March 19, 2010 at 7:40 am #1679Gerry O’HaraKeymaster
This restoration started by me spotting the set on a shelf by the outside door of an old-timer’s place some two years ago – he was selling-off his collection of radios and vast amounts of radio paraphernalia – “Oh that? – it’s a battery set and in rough shape – couple of bucks?” he said when I pointed to the set. I looked at the set, a very scruffy little Phonola table top that I guessed was from the late-1930’s from the style. I took a closer look and saw that the dial was in nice shape beneath the years of grime, the chassis was intact (a couple of tubes missing) but that the cabinet was almost falling to pieces – through the dust and flaking lacquer I could see that it had been a two-tone finish with an interesting design over the loudspeaker grill. Of course, I coughed-up the two bucks…
Getting home that day, I unloaded the various ‘radio spoils’ from my car – placing the Phonola on a shelf in the garage, where it sat untouched until one Sunday morning in February 2010, when I was clearing the garage shelves and I decided to start working on the set at the SPARC museum in Coquitlam that afternoon. So I hauled it up there and took a few photos as I removed the chassis from the dilapidated cabinet. The cabinet was in worse shape than I remembered, and by drying out in my garage it had warped considerably – the solid-wood top and bottom were detaching from the plywood sides and front. I dry-scraped what remaining lacquer there was still clinging to the wood and then glued the sides and front back onto the top and bottom, bracing the set carefully with many clamps to undo the warping while the glue set (this had to be undertaken in three stages to render the cabinet ‘square’ again). A couple of small areas were patched with slivers of new veneer and some small cracks/gaps between the panels filled with epoxy putty. The usual pre-finishing preparation then commenced: careful sanding down with 400 then 600 grit paper using lemon oil as a lubricant and to ‘feed’ and condition the wood until the surface was smooth, followed by a light rub with extra-fine steel wool. After leaving the prepared cabinet for a week to dry, sections were then masked-off to allow the multi-tone finish to be replicated, starting with grill and dial cut-out edges, accent line and top and bottom shoulders, these all in a dark brown tint using an airbrush. The lower half of the cabinet was then uncovered and given several coats of brown-tinted lacquer, building a slight graduated tone, lightening upwards towards the dark brown accent line. The upper half of the cabinet was then un-masked and three coats of brown-tinted lacquer applied. Finally, five coats of clear satin-finish lacquer was applied to the entire cabinet to provide protection and build ‘depth’ into the finish.

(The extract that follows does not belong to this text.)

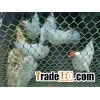 Plastic Poultry Netting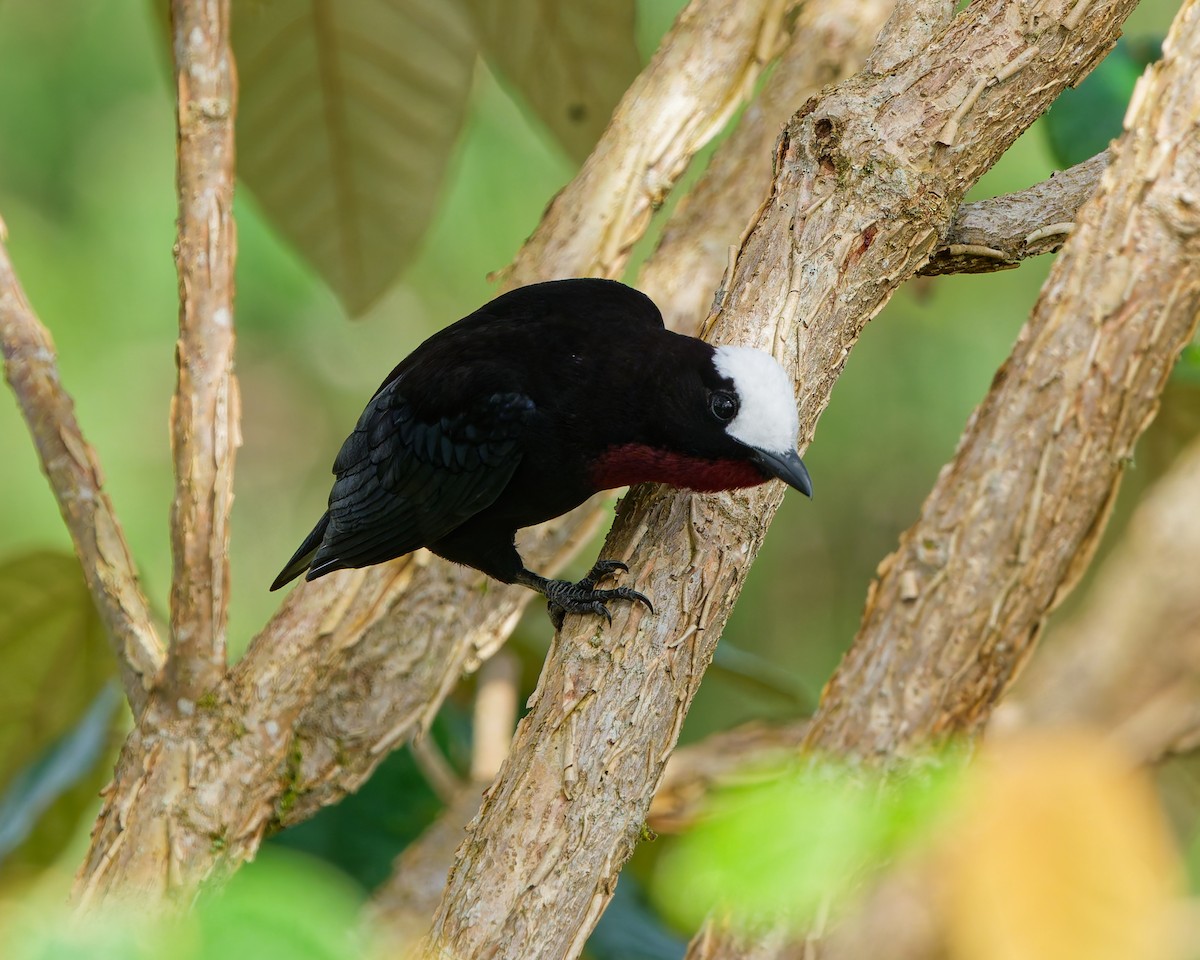 Tangara Coroniblanca - ML645039588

Meanwhile, back home, the chassis was identified as dating from the 1946-7 model year (rather later than the case-style had suggested to me). The tube line-up is fairly typical of the small farm sets of this era: 1A7-G converter, 1N5-G IF amplifier, 1H5-G detector/AGC/first audio and a 1C5-G output. The chassis was given the usual clean using rubbing alcohol to remove grime and lighter fluid for waxy/oily deposits, and the glass scale cleaned using warm soupy water, before replacing the paper capacitors (here, replaced with tested NOS Aerovox paper capacitors – only five of ‘em, so less than an hours work). All resistors checked-out within tolerance, so were left in place. The missing tubes were replaced (kindly donated by ‘Abbotsfordgerry’), the others testing-out ok on my Precision tube tester. I noticed that he tuning gang was a bit ‘gritty’, so the old, dry lubricant was cleaned out of the bearings and replaced with molybdenum grease – much smoother. The volume control was given a squirt of De-Oxit and the chassis was then coupled-up to an ‘off-the-shelf’ farm-set power supply (https://www.eskimo.com/~novatech/grandadselectronics.html), and it fired-up straight away. A slight adjustment of the IF transformers, along with a slight tweak on the local oscillator/antenna circuit was all that was needed to render the set performing well up to specification.
The chassis was then re-installed in the cabinet and, by chance (phew!), the power-supply fitted nicely into one side of the cabinet, secured by two small metal brackets, providing a neat arrangement.